Tufts Health Plan Foundation

Tufts Health Plan and four other organizations recently received a $250,000 grant from the Office of the Massachusetts Attorney General to distribute food to families in need. Cambridge Health Alliance (CHA), The Greater Boston Food Bank (GBFB), Good Measures and the Institute for Community Health (ICH) are part of this health care collaboration focused on addressing health equity.

Although good medical care contributes to overall health, there has been increasing recognition that improving health and achieving health equity will require broader approaches that address social, economic, and environmental factors. Most of what keeps people healthy are circumstances outside of medical care—insufficient or poor quality food, housing, utilities, employment and education.

According to GBFB, one in 10 people in Massachusetts struggles with food insecurity, meaning that they are without access to a sufficient quantity of affordable, healthy food.
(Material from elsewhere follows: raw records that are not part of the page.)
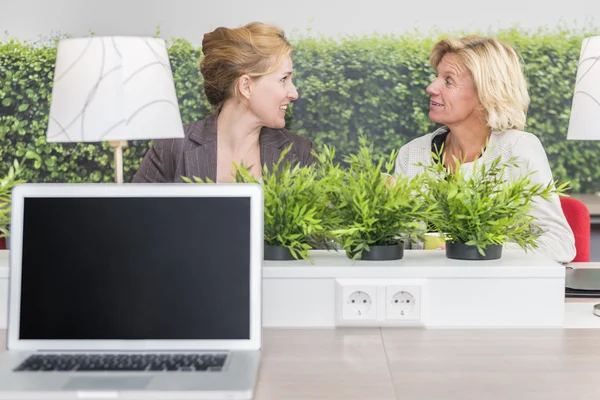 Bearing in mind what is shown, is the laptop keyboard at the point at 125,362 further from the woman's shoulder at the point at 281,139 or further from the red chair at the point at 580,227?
the woman's shoulder at the point at 281,139

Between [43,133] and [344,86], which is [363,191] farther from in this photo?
[43,133]

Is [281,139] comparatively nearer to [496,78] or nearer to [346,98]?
[496,78]

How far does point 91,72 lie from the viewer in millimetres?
1806

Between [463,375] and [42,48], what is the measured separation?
4235 mm

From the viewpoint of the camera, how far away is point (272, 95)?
11.7 ft

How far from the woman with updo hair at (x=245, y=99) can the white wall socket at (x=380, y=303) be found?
1867 millimetres

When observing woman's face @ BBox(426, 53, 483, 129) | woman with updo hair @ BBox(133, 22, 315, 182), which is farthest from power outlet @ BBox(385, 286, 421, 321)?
woman's face @ BBox(426, 53, 483, 129)

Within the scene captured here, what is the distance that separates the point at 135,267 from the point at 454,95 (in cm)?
236

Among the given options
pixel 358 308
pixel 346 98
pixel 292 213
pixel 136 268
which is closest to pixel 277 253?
pixel 292 213

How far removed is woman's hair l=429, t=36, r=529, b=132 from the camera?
3303 mm

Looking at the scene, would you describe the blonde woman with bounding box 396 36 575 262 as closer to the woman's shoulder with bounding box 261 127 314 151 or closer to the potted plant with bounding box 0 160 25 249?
the woman's shoulder with bounding box 261 127 314 151

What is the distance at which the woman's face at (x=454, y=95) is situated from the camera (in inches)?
139

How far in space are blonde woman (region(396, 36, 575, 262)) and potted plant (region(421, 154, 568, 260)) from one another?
4.78 feet

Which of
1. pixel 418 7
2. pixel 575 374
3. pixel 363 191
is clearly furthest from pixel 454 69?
pixel 575 374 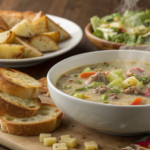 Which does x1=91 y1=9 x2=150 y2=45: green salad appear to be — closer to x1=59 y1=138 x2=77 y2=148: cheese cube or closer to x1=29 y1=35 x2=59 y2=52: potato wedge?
x1=29 y1=35 x2=59 y2=52: potato wedge

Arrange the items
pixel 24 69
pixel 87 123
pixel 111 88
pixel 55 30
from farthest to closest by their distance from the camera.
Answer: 1. pixel 55 30
2. pixel 24 69
3. pixel 111 88
4. pixel 87 123

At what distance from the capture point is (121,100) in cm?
241

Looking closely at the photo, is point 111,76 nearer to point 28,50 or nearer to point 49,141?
point 49,141

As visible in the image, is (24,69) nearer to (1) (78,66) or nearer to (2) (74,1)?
(1) (78,66)

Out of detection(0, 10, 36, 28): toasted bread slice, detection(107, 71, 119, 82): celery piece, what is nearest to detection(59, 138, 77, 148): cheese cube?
detection(107, 71, 119, 82): celery piece

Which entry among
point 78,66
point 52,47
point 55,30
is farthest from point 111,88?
point 55,30

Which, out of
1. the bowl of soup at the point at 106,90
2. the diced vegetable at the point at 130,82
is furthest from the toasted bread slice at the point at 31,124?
the diced vegetable at the point at 130,82

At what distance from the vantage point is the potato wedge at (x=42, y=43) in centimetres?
418

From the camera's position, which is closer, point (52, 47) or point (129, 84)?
point (129, 84)

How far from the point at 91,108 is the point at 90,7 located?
5.73 m

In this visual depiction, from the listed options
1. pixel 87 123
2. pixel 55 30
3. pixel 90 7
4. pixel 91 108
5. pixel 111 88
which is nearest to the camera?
pixel 91 108

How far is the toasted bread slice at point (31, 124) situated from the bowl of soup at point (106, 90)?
21cm

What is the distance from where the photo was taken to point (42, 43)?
13.8ft

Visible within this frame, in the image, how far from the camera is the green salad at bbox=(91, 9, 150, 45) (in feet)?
14.4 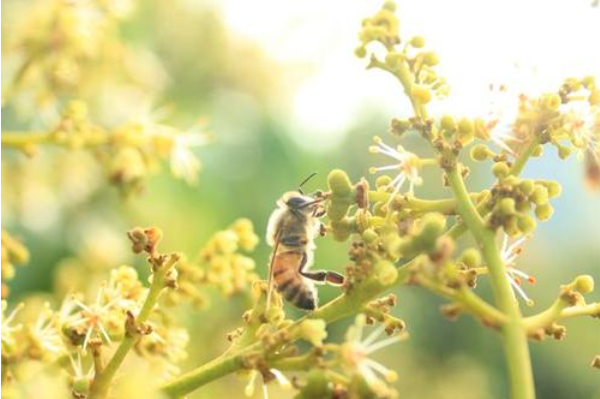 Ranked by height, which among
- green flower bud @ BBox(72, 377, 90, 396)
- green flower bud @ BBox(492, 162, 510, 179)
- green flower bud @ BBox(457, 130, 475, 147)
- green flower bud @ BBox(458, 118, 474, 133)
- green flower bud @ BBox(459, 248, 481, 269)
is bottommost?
green flower bud @ BBox(72, 377, 90, 396)

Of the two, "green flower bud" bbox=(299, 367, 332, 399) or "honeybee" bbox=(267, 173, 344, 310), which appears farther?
"honeybee" bbox=(267, 173, 344, 310)

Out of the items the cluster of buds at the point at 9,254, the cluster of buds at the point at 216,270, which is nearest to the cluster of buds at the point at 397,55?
the cluster of buds at the point at 216,270

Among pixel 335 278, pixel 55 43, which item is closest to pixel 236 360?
pixel 335 278

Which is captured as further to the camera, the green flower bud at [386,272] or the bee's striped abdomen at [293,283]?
the bee's striped abdomen at [293,283]

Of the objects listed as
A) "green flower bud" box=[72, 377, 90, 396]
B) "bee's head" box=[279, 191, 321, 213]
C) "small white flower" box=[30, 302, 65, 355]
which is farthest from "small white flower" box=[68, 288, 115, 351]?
"bee's head" box=[279, 191, 321, 213]

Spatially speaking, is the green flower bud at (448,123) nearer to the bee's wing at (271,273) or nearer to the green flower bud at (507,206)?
the green flower bud at (507,206)

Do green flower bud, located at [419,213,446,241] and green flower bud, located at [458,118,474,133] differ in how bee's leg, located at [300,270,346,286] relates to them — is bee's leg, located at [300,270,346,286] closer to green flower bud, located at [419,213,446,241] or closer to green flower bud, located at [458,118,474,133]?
green flower bud, located at [458,118,474,133] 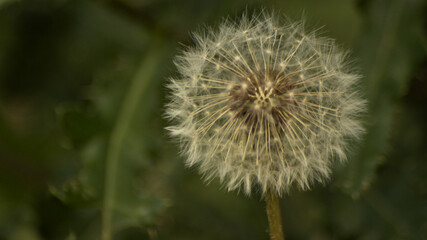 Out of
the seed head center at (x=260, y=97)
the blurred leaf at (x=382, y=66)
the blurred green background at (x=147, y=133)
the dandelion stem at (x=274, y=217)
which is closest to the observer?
the dandelion stem at (x=274, y=217)

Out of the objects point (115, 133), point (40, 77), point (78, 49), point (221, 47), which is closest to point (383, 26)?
point (221, 47)

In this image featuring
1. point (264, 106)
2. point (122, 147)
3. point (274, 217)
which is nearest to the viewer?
point (274, 217)

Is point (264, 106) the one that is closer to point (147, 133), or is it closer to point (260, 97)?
point (260, 97)

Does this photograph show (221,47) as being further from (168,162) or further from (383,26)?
(168,162)

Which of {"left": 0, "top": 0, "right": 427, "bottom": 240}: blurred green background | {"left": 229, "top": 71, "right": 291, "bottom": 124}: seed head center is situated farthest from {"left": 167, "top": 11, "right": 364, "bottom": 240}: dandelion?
{"left": 0, "top": 0, "right": 427, "bottom": 240}: blurred green background

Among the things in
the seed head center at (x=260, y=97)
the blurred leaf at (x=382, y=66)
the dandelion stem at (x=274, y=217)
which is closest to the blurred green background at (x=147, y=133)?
the blurred leaf at (x=382, y=66)

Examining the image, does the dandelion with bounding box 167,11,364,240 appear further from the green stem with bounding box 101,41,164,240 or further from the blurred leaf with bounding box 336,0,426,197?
the green stem with bounding box 101,41,164,240

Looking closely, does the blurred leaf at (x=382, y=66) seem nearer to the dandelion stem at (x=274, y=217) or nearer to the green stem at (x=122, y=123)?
the dandelion stem at (x=274, y=217)

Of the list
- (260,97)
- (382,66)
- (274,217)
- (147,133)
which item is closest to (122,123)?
(147,133) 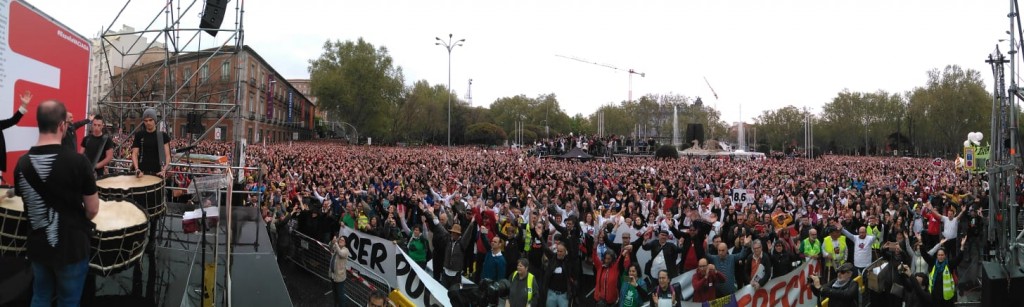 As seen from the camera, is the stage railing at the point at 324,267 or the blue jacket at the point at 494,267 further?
the stage railing at the point at 324,267

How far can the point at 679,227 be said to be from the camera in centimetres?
1091

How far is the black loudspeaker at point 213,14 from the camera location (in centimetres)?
1190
Children are hit especially hard. In Massachusetts, one in eight children is food insecure.

Last March, the partnership launched a monthly Mobile Market at the CHA Revere Care Center to distribute fresh fruit and vegetables to families living in Revere and the surrounding areas. The market provides 25-30 pounds of produce per household. Between March and July 2018, more than 18,000 pounds of produce was distributed to 424 CHA patients and another 292 community members. The grant award will support the market for the next three years and incorporate a research component supported by the Institute for Community Health.
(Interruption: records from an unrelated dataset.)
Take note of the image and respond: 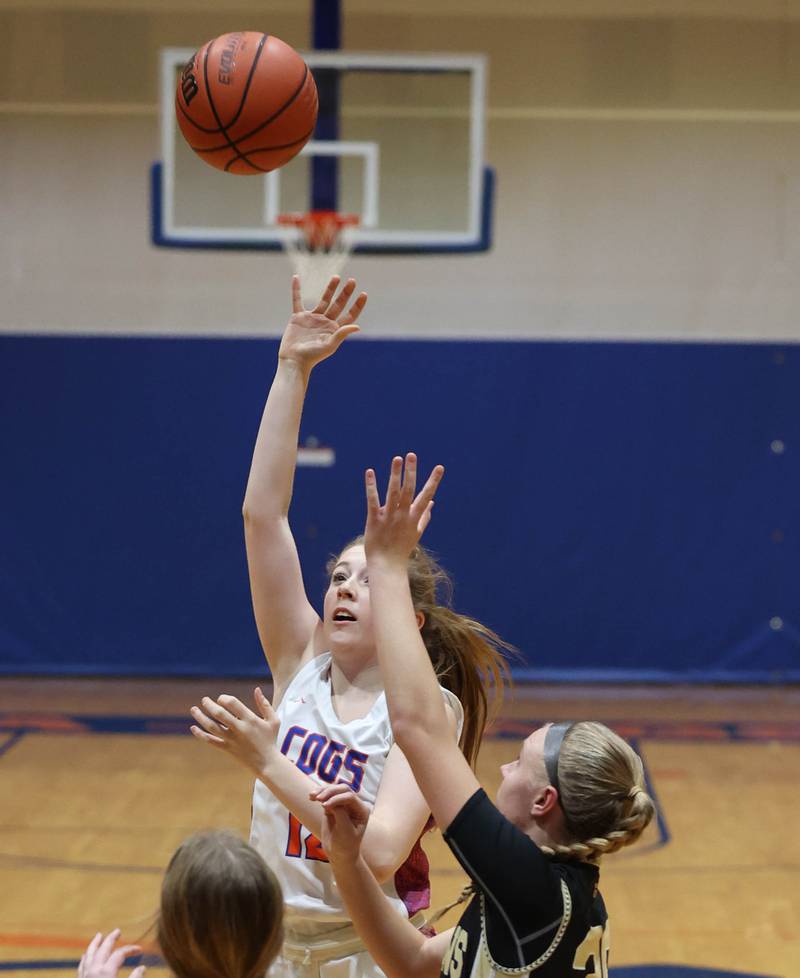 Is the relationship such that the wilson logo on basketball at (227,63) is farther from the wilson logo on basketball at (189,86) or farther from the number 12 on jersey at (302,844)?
the number 12 on jersey at (302,844)

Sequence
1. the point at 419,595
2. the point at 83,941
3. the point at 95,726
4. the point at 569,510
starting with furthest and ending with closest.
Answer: the point at 569,510, the point at 95,726, the point at 83,941, the point at 419,595

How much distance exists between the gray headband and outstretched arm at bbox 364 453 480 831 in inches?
5.5

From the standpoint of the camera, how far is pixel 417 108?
8266 millimetres

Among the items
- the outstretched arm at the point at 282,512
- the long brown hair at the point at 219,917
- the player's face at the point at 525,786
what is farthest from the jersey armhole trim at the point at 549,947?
the outstretched arm at the point at 282,512

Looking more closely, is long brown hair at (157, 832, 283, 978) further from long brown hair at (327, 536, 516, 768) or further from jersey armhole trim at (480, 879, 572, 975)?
long brown hair at (327, 536, 516, 768)

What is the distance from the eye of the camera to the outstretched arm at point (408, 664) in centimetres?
175

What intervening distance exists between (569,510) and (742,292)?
201 centimetres

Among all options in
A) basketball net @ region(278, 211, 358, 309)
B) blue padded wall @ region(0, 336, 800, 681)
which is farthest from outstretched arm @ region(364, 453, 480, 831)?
blue padded wall @ region(0, 336, 800, 681)

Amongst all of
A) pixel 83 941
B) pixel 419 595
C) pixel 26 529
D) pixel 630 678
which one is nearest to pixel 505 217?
pixel 630 678

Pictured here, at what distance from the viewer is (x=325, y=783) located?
2.33 metres

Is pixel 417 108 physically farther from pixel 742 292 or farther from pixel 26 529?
pixel 26 529

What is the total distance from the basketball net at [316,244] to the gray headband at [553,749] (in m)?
6.30

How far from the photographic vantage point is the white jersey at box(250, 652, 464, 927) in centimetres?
239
In addition to the Mobile Market, the partnership will organize regular health fairs to provide health screenings, vaccinations, information on social services and assistance with enrollment in community programs, along with evaluating the impact of improving access to healthy produce on health and well-being.
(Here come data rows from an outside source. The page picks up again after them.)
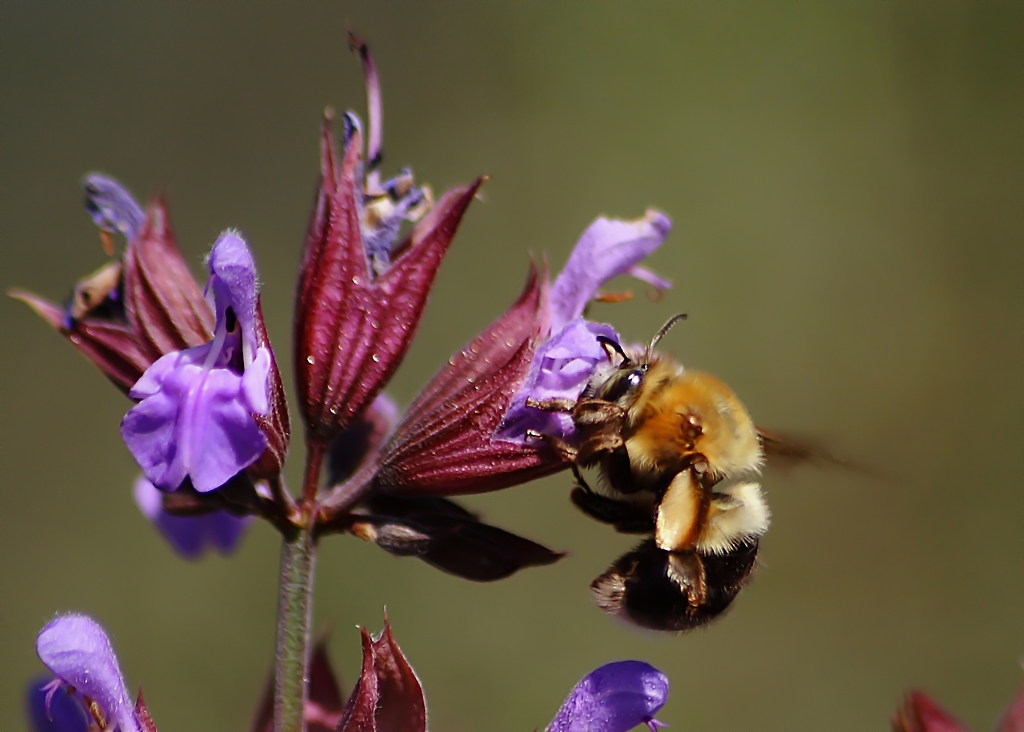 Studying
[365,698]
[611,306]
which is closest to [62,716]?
[365,698]

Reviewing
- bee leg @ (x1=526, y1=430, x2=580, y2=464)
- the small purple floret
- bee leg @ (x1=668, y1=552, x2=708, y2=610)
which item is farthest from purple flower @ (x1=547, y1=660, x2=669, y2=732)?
the small purple floret

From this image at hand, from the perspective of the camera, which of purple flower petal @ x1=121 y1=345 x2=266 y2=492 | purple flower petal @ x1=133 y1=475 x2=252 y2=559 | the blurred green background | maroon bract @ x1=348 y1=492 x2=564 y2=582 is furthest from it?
the blurred green background

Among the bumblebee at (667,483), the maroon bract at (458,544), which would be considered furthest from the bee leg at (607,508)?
the maroon bract at (458,544)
CHA patient resource coordinators will also screen for food insecurity and other needs in order to connect people to resources in the community. For additional information, contact CHA’s Community Health Improvement Department at 617.806.8775.

Foundation supports community programs to expand older people’s access to fresh, healthy food

Making good food choices is important to maintain health, but some people are unable to make these choices. They live in communities—often rural, minority, or low-income communities—lacking access to affordable fruits, vegetables, whole grains, low-fat milk, and other foods that make up a full and healthy diet.

Tufts Health Plan Foundation promotes healthy living. We focus on older people in our work. We support initiatives that help communities become more vibrant and inclusive, and policies that improve individual health and wellness. Several recent community investments focus on expanding access to fresh, healthy, affordable food for older people—while also addressing social isolation and systemic barriers.

  • In Lowell, Foundation support expanded Mill City Grows’ mobile markets offer fresh, local foods, marketing incentives and a tailored product line. Mill City Grows leverages the state’s Healthy Incentives Program that matches Supplemental Nutrition Assistance Program purchases.
  • In Springfield, Partners for Community Action added neighborhoods with large concentrations of older adults to the Go Fresh Mobile Markets schedule. The Go Fresh markets also participate in the Healthy Incentive Program.
  • In New Bedford, Coastline Elderly Services and the Community Cross Continuum Collaborative are working to strengthen community communications and collaboration to improve access to nutritious food for older people in the region.
  • In Rhode Island, the Local Initiative Support Corporation is tapping community farmers’ markets in several communities as part of a project bringing together older people and youth to create meals that serve as a cultural experience addressing social isolation and better nutrition.

Foundation investments also address systemic barriers that make it more difficult for older people to access the resources they need.

  • The Massachusetts Law Reform Institute is working to increase older people’s access to the Supplemental Nutrition Assistance Program. In addition to addressing policy and system barriers that improperly bar eligible older people from receiving SNAP benefits, MLRI is working to maximize the value of benefits.
  • The Greater Boston Food Bank is working to create food security networks for older people. They build partnerships with local senior centers and other organizations to provide education and application assistance.

Tufts Health Plan Foundation collaborates with older people, civic leaders and nonprofit organizations to build and support communities in Massachusetts, New Hampshire, Rhode Island and, starting in 2019, Connecticut, that work for people of all ages.